Virtualization: A Big Deal for Big Data

Server rackBy its very nature, big data needs space to grow. Just as the methods of accessing and analyzing data have evolved, so too must the technology used to store and access it. In the old data warehouse model, companies that needed more space and more server power for their data would simply add more servers to the racks and more racks to the data center. In many cases, however, this model leaves unused server resources in the form of memory, CPU power, or storage space. The alternative to this model is virtualization.

What is Virtualization?

Before going any further, it is important to have a clear understanding of what virtualization is, since it is a term that many business professionals may hear but may not fully understand. As the name implies, virtualization deals with the creation of a virtual machine, operating system, storage system, or some other computing resource. In this case, we are primarily dealing with virtual machines.

Rather than having 3 separate physical servers, for example, someone who utilizes virtualization may run three virtual machines on one server. In each instance, the virtual machine has its own operating system, own applications, and essentially runs independently of the others. The virtual machine management system will allocate CPU and RAM according to the system administrator’s specifications.

The Benefits of Virtualization

There are both general benefits to virtualization and benefits specific to big data. In general virtualization is good when you need to run two separate systems but do not need to allocate an entire machine to each one. For example, you could have two servers, one running Red Hat Enterprise Linux (RHEL) and another running OpenBSD, each of which uses less than 50% of its server’s resources. On the other hand, with virtualization, you could run one server with any OS of your choice and then create two virtual machines, one running RHEL and the other running OpenBSD, thereby maximizing your server’s resources.

The latter method saves energy, money, and ultimately time. It saves energy because one server uses less power than two. It saves money because you only had to pay for one server, and it saves time because you only had to setup and deploy one server rather than two. Essentially, virtualization is all about saving.

So, how does virtualization help big data solutions? Big data needs to be scalable. Remember, by its very nature, big data will grow. What may begin with a few servers may multiply into several data centers. The only efficient way to scale big data is to use virtualization. Many cloud service providers, such as Amazon Web Services and Azure, have already formulated cost-effective rapid deployments of virtual machines. Within minutes, you can create several virtual machines and deploy Hadoop on some cloud services. With many on-premise deployments, this efficiency is often lacking.

Applying Big Data to Virtualization Environments

There are many ways to maximize a big data operations through virtualization.

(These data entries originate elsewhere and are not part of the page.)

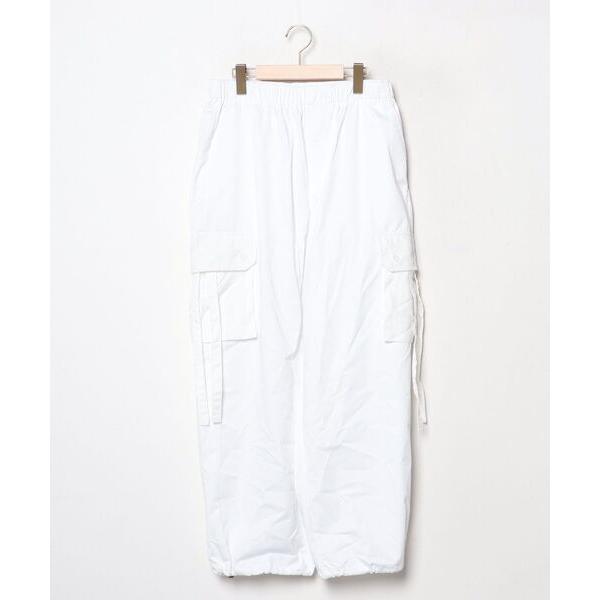 「Java」 パンツ L ホワイト レディース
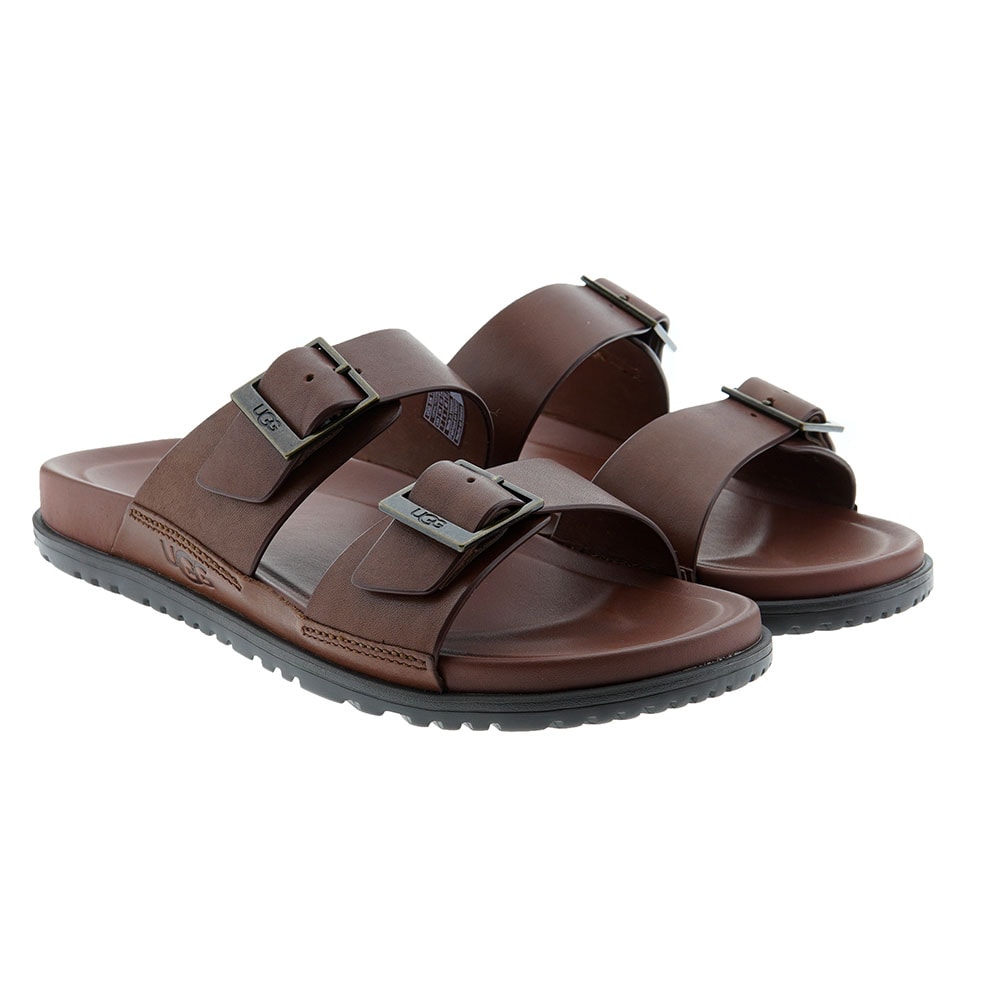 Sandalia caballero doble hebilla piel Ugg Wainscott Buckle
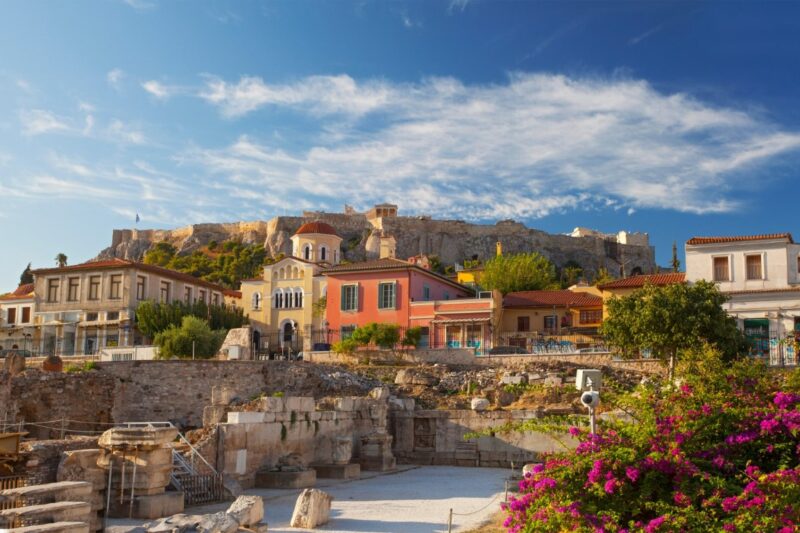 Athens Private Tour and Traditional Greek food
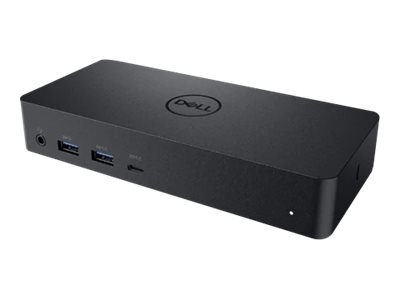 DELL D6000 Avec fil USB 3.2 Gen 1 (3.1 Gen 1) Type-C Noir
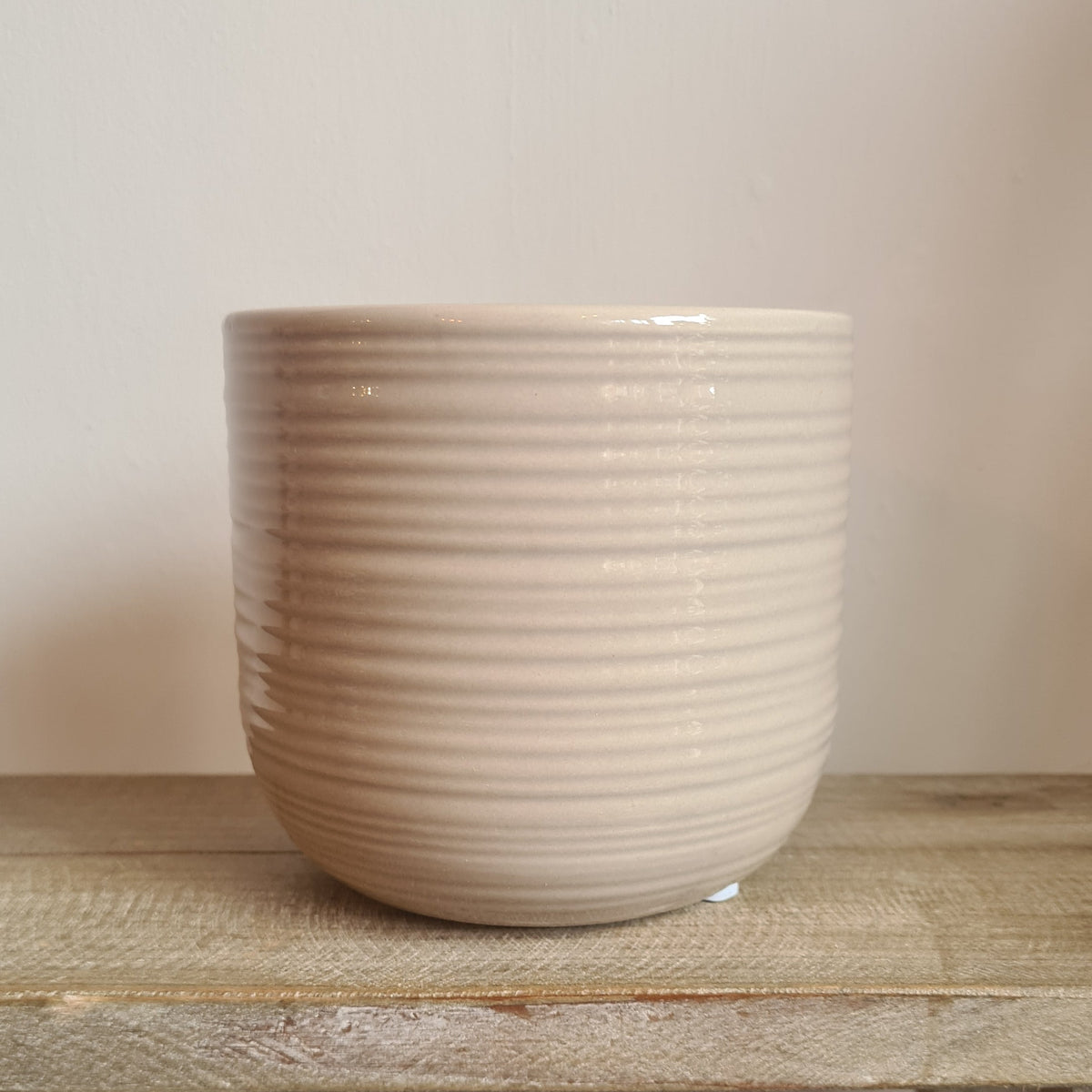 Ripple Ceramic Pot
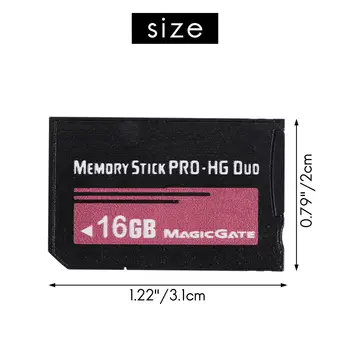 Флаш карта MS Pro Duo HX обем 16 GB камера за Sony PSP Cybershot Изображение 5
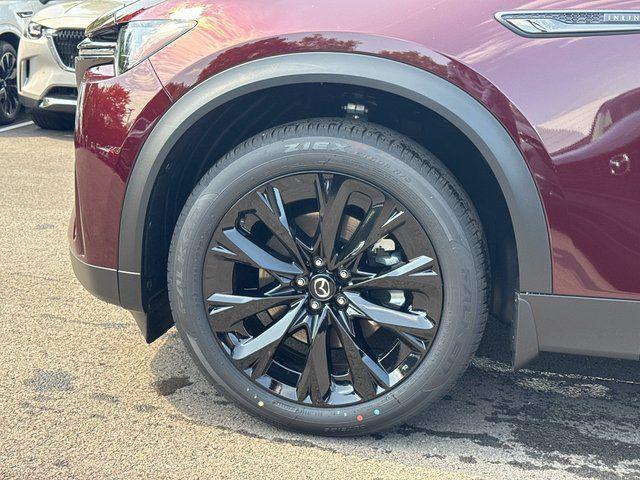 new 2025 Mazda CX-90 car, priced at $49,535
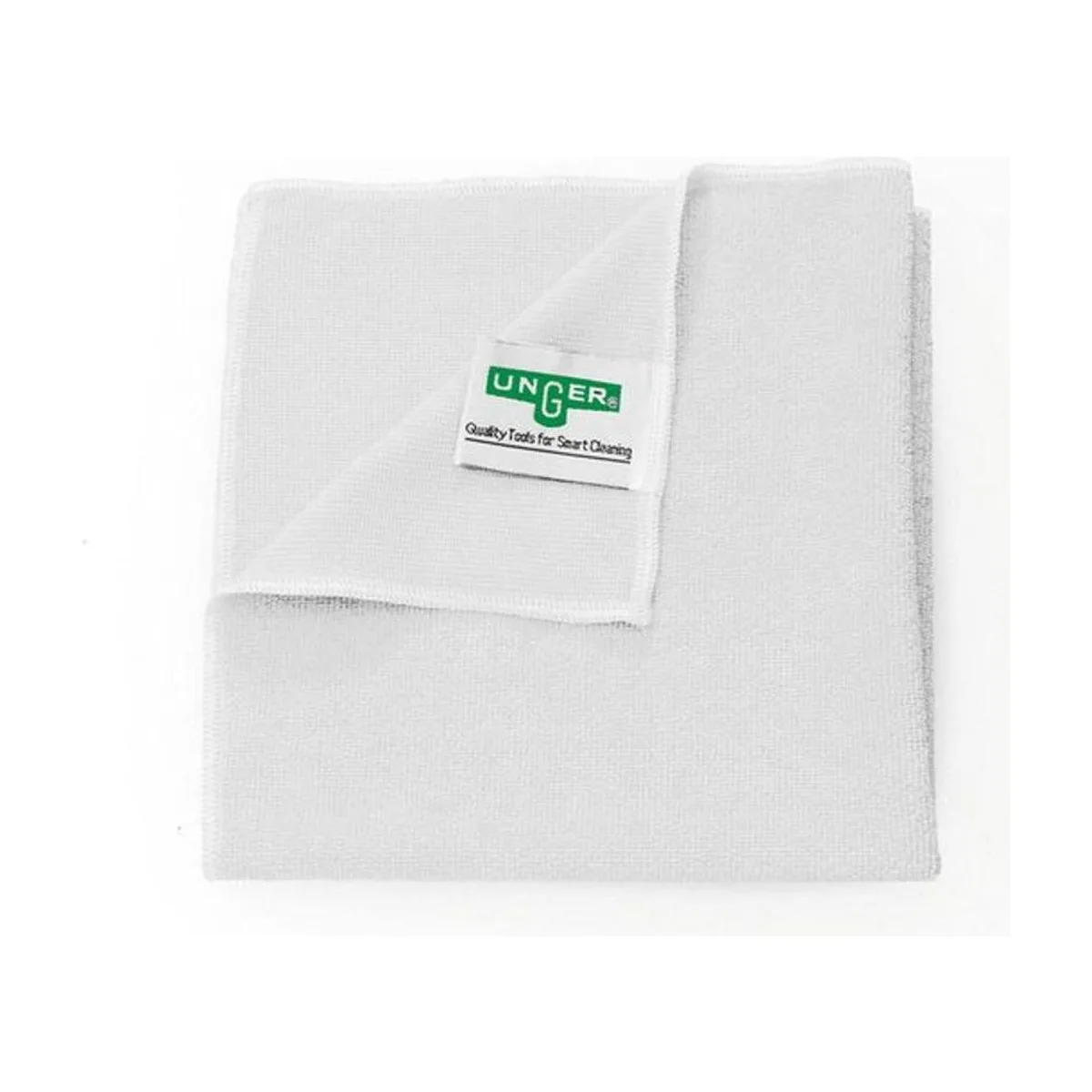UNGER Microwipe 200 weiß – 40x40cm Microfasertuch – UNGER – Glas- & Mikrofasertücher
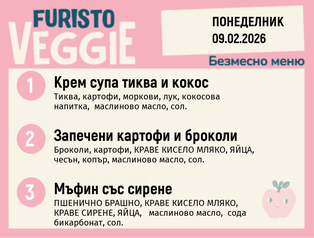 Меню 09.02 безмесно 200гр.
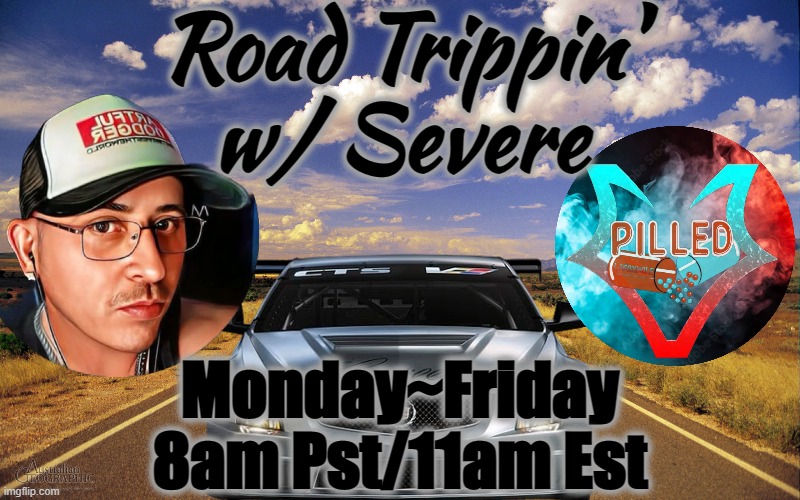 TheCanadian on Twitter "Road Trippin' w/ SevereAnon MondayFriday 8am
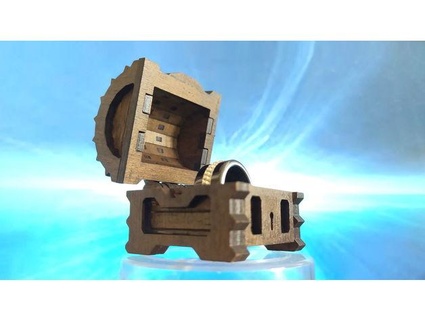 treasure chest laser cut file vasily39  3d print model - Mito3D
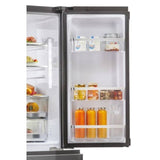 Réfrigérateur HAIER SIDE BY SIDE 4portes french door 1000litres noir HS26FSNAAAA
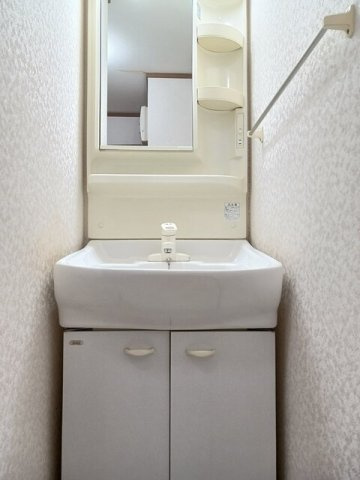 ヒルズハウス　ソレイユの洗面所|コンパクトで使いやすい洗面所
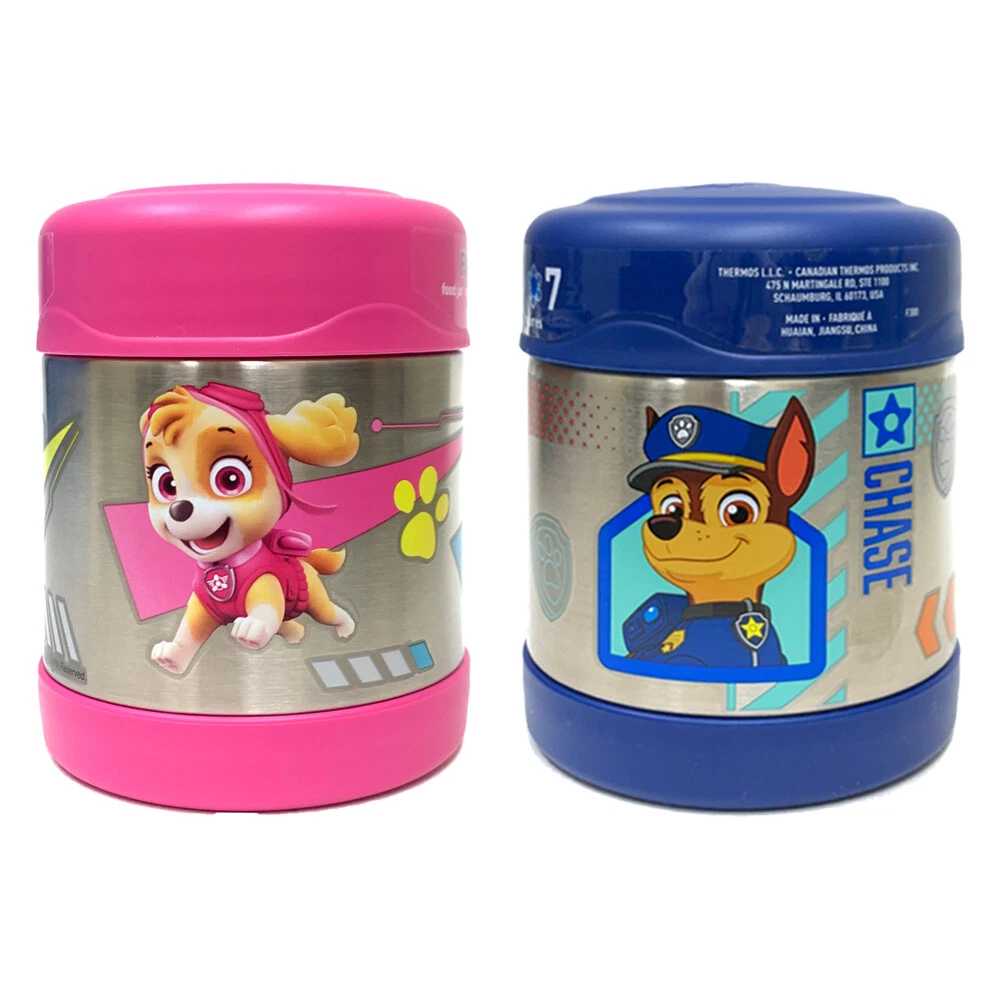 Thermos FUNtainer Stainless Steel Food Jar 10oz/290mL, Paw Patrol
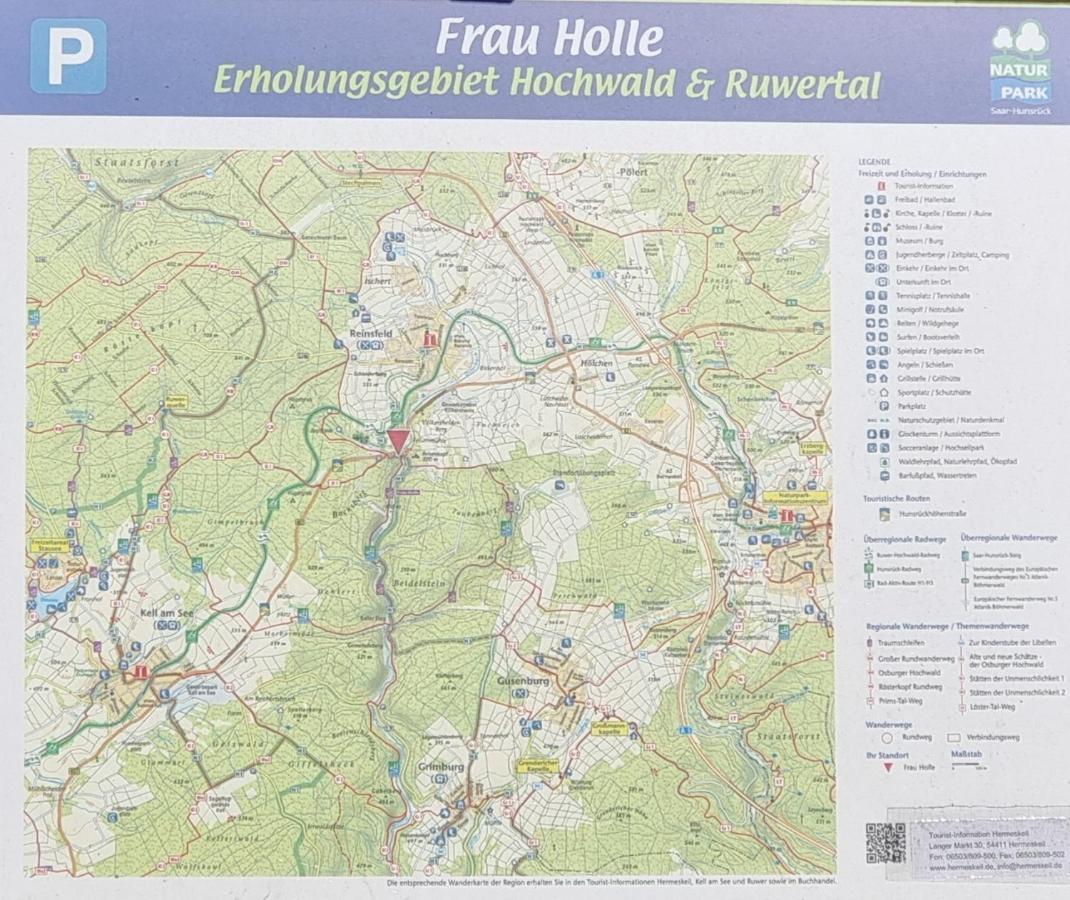 Gemuetliche Ferienwohnung Reinsfeld Esterno foto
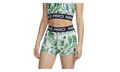 Nike Mid Rise All Over Pattern 3 Training Shorts WMNS "Green" DQ5573 365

One example of this is Google’s Compute Engine. By providing 700,000 virtual cores for users to easily attach virtual machines to and then tear them down when the finish, Google offers virtual big data infrastructure to its customers. Google has also made the open source technology that powers Compute Engine more efficient through its code contribution and improvements to KVM (Kernel-based Virtual Machine), which has become the standard Linux virtualization technology. Others, such as Xen Hypervisor, which Amazon uses for EC2, and the commercial offerings from VMware are also widely used across many industries.

VMware’s Project Serengeti leverages vSphere as a platform for Hadoop applications. Like the Google implementation, users can save time and money with quick deployments of fully-functional Hadoop installations without having to setup new physical hardware every time. Some of the vSphere features include the cloning of identical nodes for rapid replacing in the event of failure. Being a commercial project, however, VMware does also come with significant cost for each node.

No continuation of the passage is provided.